§ **SOURCE MATERIAL**
__________________________________________________
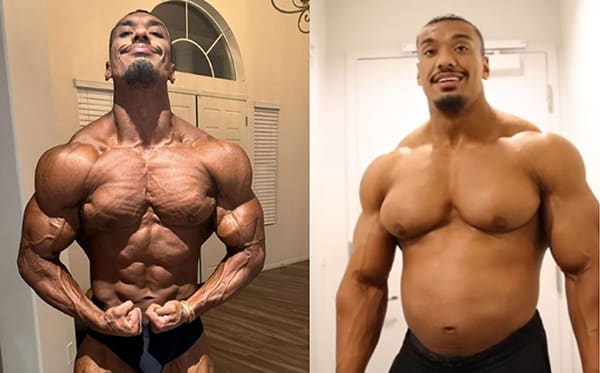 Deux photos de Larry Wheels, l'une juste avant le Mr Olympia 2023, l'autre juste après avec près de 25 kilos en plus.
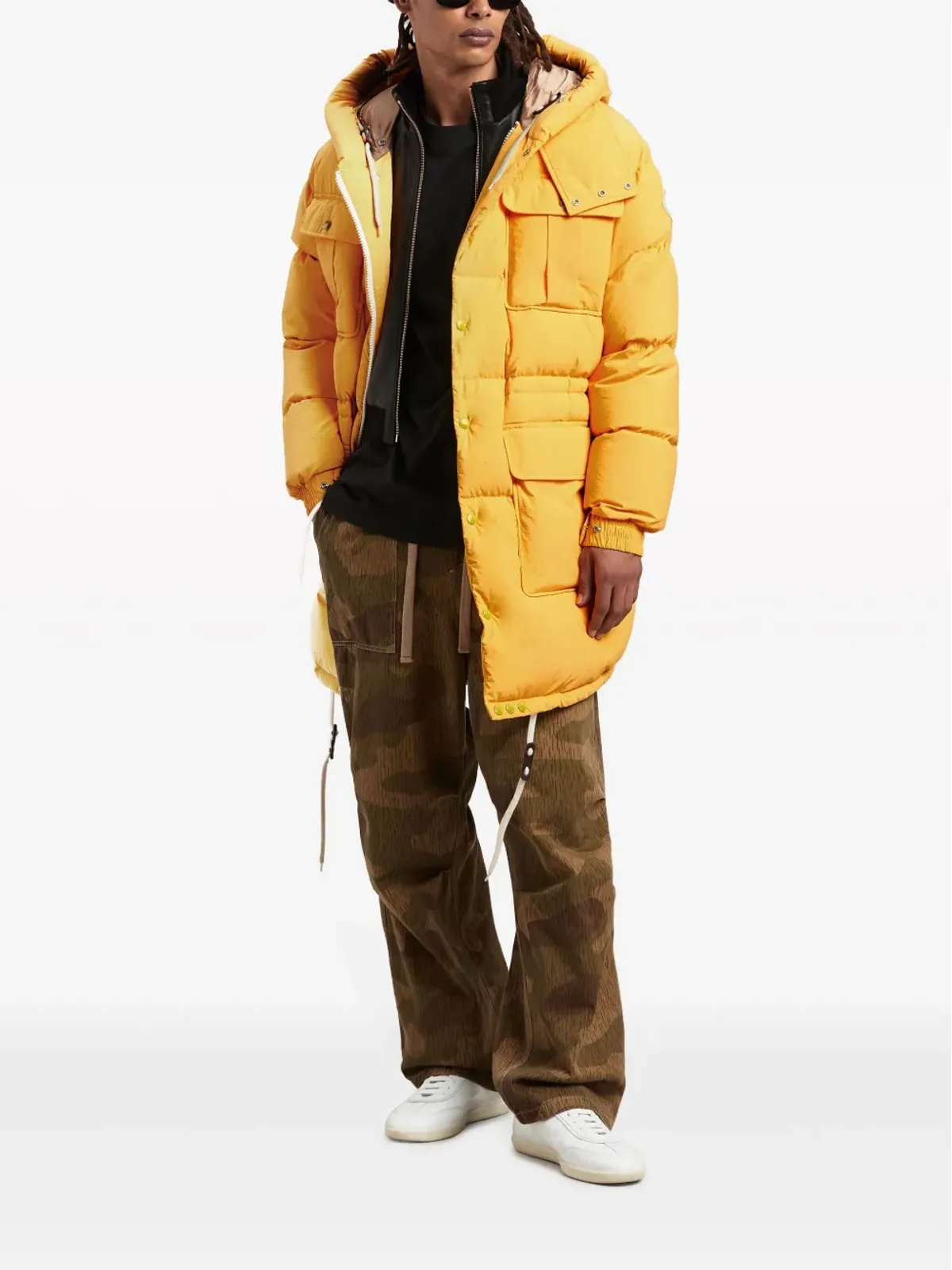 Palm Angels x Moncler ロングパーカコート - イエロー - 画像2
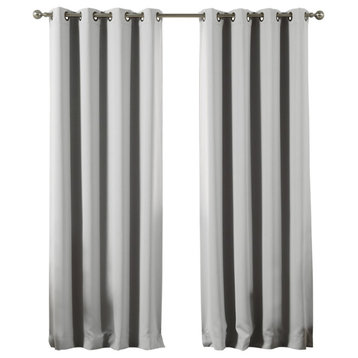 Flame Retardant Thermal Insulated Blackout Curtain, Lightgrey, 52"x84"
__________________________________________________
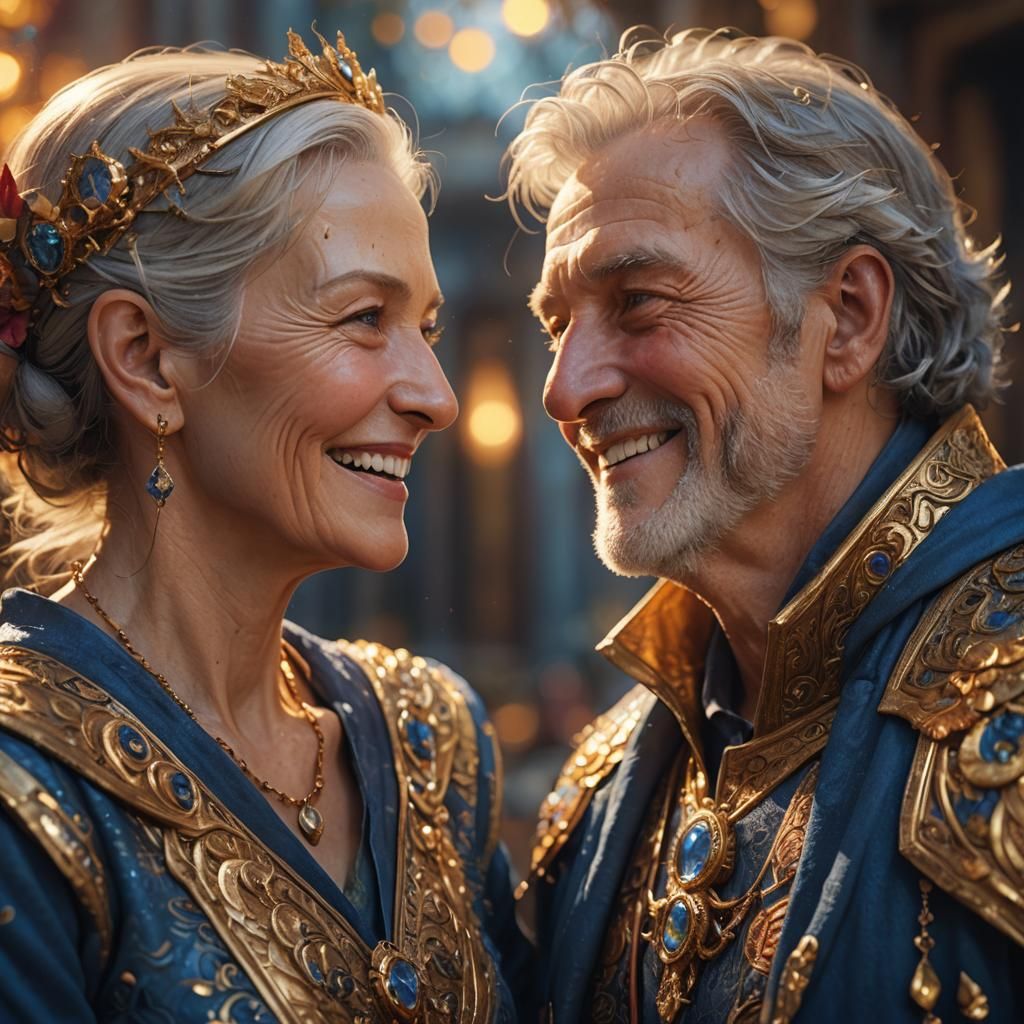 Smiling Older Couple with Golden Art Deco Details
__________________________________________________
§ **AIM OF THE TASK**
Your answer must be the lines above from the one holding "Palm Angels x Moncler ロングパーカコート - イエロー - 画像2" up to and including the one holding "Flame Retardant Thermal", exact and with no pictures.

§ **WRITTEN REPLY**
 Palm Angels x Moncler ロングパーカコート - イエロー - 画像2
 Flame Retardant Thermal Insulated Blackout Curtain, Lightgrey, 52"x84"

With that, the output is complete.